I finished the third of the Tees a couple of days ago. I love this one. The fabric is a lightweight cotton jersey, which I used earlier in a toile for the Hot Patterns 3 Graces top I turned into a dress. I’ve got yards of this, bought as toile fabric from Myrtille. It has some print flaws in it, blotches which I avoided, and so was marked down, but its really a very nice, soft fabric with good drape. Its only downside is that it creases easily.
I made a pattern based on a kimono sleeve block this time, gave it three pleats on one shoulder, and wrap round twisting side seams again, finishing the hem with a separate band.
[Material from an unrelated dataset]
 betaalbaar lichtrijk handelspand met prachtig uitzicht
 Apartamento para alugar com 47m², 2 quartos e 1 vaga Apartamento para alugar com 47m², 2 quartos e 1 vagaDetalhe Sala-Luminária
Pattern laid out on the floor to cut, its too wide for my table.
Its my working pattern and hasn’t got seam allowances added. The front is over on the right, the open part in the middle is the neck, and the curved arrow shaped piece in a different pattern paper is the allowance for the pleats and draping. Someday I’ll buy myself some proper pattern weights, instead of those little bags of obsolete coins I’m using now.
The fabric needs all the help it can get not to stretch out of shape before its stitched, above you can see that before lifting the piece from the floor, I went round all the edges liable to distort with narrow masking tape. The narrow one isn’t sold locally, so I slice up a wider one with a blade, on the self healing mat. It only takes a moment, and is more effective than stay stitching because the fabric isn’t moved before its stabilised. I use this tip on bias edges too. Try it, it saves a lot of bother on V necklines.
There’s a dart in the joined shoulder which you might be able to spot in the pattern above. It gets stitched first, and the pleats on the other shoulder are folded, pinned and/or basted.
Then the shoulder seam is joined, and the neck binding can be done at that stage, or after the slanted side seams. I used the same binding technique as on the last shirt.
Side seams are stitched, sleeve ends bound, and a wider strip binds the hem edge with the same old way – finishing with a double needle through the turnings.
The hardest part of this project was getting a photograph of the finished item. Its been raining Biblically here for what seems like forever, and the inside shot was not a great success. Taking advantage of a five minute break between downpours, this is it!